WHAT IS NEEDED => Your response should consist of the entries below, written out exactly.

────

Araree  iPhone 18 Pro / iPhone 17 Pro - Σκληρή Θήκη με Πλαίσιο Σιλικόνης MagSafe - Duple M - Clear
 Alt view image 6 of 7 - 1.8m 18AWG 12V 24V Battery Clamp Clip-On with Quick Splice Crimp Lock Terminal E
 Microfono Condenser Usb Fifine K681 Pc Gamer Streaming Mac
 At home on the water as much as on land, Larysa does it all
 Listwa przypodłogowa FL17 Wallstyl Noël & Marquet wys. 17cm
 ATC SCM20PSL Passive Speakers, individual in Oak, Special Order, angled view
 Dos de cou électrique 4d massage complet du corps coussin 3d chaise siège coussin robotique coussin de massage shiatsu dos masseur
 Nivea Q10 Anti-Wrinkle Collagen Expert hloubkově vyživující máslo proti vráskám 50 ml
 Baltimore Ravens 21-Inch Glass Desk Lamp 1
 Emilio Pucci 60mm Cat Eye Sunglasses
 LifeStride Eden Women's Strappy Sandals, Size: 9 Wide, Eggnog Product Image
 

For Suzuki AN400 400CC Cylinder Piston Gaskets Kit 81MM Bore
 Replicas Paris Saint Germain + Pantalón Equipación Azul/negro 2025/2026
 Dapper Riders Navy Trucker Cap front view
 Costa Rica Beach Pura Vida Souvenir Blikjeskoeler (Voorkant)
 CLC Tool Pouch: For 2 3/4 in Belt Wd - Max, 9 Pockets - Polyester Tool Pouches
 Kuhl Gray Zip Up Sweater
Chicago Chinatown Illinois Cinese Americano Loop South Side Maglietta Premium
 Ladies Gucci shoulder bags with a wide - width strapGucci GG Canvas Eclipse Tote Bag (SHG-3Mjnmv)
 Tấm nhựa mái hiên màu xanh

────

TASK ANSWER =>
Araree  iPhone 18 Pro / iPhone 17 Pro - Σκληρή Θήκη με Πλαίσιο Σιλικόνης MagSafe - Duple M - Clear
 Alt view image 6 of 7 - 1.8m 18AWG 12V 24V Battery Clamp Clip-On with Quick Splice Crimp Lock Terminal E
 Microfono Condenser Usb Fifine K681 Pc Gamer Streaming Mac
 At home on the water as much as on land, Larysa does it all
 Listwa przypodłogowa FL17 Wallstyl Noël & Marquet wys. 17cm
 ATC SCM20PSL Passive Speakers, individual in Oak, Special Order, angled view
 Dos de cou électrique 4d massage complet du corps coussin 3d chaise siège coussin robotique coussin de massage shiatsu dos masseur
 Nivea Q10 Anti-Wrinkle Collagen Expert hloubkově vyživující máslo proti vráskám 50 ml
 Baltimore Ravens 21-Inch Glass Desk Lamp 1
 Emilio Pucci 60mm Cat Eye Sunglasses
 LifeStride Eden Women's Strappy Sandals, Size: 9 Wide, Eggnog Product Image
 

For Suzuki AN400 400CC Cylinder Piston Gaskets Kit 81MM Bore
 Replicas Paris Saint Germain + Pantalón Equipación Azul/negro 2025/2026
 Dapper Riders Navy Trucker Cap front view
 Costa Rica Beach Pura Vida Souvenir Blikjeskoeler (Voorkant)
 CLC Tool Pouch: For 2 3/4 in Belt Wd - Max, 9 Pockets - Polyester Tool Pouches
 Kuhl Gray Zip Up Sweater
Chicago Chinatown Illinois Cinese Americano Loop South Side Maglietta Premium
 Ladies Gucci shoulder bags with a wide - width strapGucci GG Canvas Eclipse Tote Bag (SHG-3Mjnmv)
 Tấm nhựa mái hiên màu xanh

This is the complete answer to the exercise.